- Education: University of Southern California
- Occupations: Film & TV producer

= Scott Nemes =

American actor and producer

Scott Nemes is an American film and television producer and former child actor. He is president of television at AGBO, and was formerly an executive with Universal Studio Group, Cinemax, and The Film Department.

==Early life and education==
Nemes grew up in Los Angeles, attending Montclair Preparatory School. He attended film school at the University of Southern California, graduating in 1995. At 19, while at USC, Nemes and Sean Entin opened SpiralWest, a weekly dance club geared towards teenagers, held at the restaurant Club Hola in Encino, California, and later at the Country Club in Reseda.

==Career==
===Acting===
As a child actor, Nemes was a regular on It's Garry Shandling's Show, playing Grant Schumaker from 1986 to 1990. He had a recurring role on The Wonder Years as Kevin's classmate and friend Ricky Halsenbach in seasons 5 and 6, from 1991 to 1993. He also had roles in films including Tough Guys and St. Elmo's Fire.

===Producing===
Early in his career, Nemes worked as a development executive for directors James Mangold and Penny Marshall. While running the film division at Adelstein-Parouse Productions, Nemes was an executive producer on the 2006 slasher film Black Christmas.
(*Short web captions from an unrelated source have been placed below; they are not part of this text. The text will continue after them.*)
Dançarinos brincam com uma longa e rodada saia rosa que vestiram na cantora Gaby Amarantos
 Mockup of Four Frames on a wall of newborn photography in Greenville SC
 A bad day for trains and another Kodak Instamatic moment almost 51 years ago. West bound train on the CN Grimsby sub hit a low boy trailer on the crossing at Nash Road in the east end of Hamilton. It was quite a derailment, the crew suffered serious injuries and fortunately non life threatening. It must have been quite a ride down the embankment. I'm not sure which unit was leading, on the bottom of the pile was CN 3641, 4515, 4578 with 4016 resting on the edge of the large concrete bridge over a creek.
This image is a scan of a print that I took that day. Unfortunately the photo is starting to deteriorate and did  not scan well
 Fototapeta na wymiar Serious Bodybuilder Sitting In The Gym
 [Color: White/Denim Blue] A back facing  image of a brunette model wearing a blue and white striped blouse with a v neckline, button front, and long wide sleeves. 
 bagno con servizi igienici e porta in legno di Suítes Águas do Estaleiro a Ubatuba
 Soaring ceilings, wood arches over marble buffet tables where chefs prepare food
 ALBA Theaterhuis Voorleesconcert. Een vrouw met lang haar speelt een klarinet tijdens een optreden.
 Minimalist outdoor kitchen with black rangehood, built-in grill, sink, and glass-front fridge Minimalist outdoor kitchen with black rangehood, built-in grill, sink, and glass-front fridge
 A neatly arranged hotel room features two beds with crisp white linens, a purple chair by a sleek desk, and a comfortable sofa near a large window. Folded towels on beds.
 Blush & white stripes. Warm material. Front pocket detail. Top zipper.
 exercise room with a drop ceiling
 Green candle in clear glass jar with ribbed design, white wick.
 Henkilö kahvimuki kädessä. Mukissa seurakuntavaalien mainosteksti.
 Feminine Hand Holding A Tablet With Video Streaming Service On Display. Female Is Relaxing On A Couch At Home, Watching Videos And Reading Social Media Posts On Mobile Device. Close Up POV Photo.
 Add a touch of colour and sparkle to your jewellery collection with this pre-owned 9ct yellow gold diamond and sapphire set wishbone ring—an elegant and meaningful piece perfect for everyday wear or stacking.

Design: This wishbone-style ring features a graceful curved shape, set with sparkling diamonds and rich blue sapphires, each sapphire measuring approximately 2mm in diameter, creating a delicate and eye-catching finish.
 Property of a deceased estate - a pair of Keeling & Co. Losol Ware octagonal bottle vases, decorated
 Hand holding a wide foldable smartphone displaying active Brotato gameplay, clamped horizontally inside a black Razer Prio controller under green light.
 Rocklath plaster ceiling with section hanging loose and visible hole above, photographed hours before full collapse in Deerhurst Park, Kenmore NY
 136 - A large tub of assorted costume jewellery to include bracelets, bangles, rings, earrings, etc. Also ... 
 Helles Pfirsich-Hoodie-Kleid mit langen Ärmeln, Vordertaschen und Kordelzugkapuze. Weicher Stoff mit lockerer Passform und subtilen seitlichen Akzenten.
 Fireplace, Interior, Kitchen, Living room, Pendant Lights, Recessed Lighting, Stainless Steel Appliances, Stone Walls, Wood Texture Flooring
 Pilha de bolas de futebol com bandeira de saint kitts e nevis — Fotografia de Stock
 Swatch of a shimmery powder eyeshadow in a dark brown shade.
He also helped to develop Mangold's Johnny Cash biopic Walk the Line, and the 2005 films Cinderella Man, directed by Ron Howard and starring Russell Crowe, and Bewitched, directed by Nora Ephron and starring Nicole Kidman and Will Ferrell. At Immortal Entertainment, Nemes co-produced the film My Baby's Daddy and developed Kiss of the Dragon, Life Without Dick, and Searching for Debra Winger.

In 2008, Nemes was named vice president of production and development at The Film Department. In 2011, he took on a new role as SVP of Cinemax. Also that year, he produced the 2011 film Hanna, directed by Joe Wright and starring Saoirse Ronan and Eric Bana, and was an executive producer on the 2019 Amazon Prime Video series based on the film. In 2017, Nemes was named head of television of Brad Weston's independent studio Makeready. In 2018, he produced the film The Catcher Was a Spy, starring Paul Rudd.

Nemes joined Universal Content Productions in 2019 as executive vice president of development and current programming. In 2021, he was named executive vice president of creative acquisitions and international development for Universal Studio Group, overseeing shows including The Girl from Plainville and Gaslit.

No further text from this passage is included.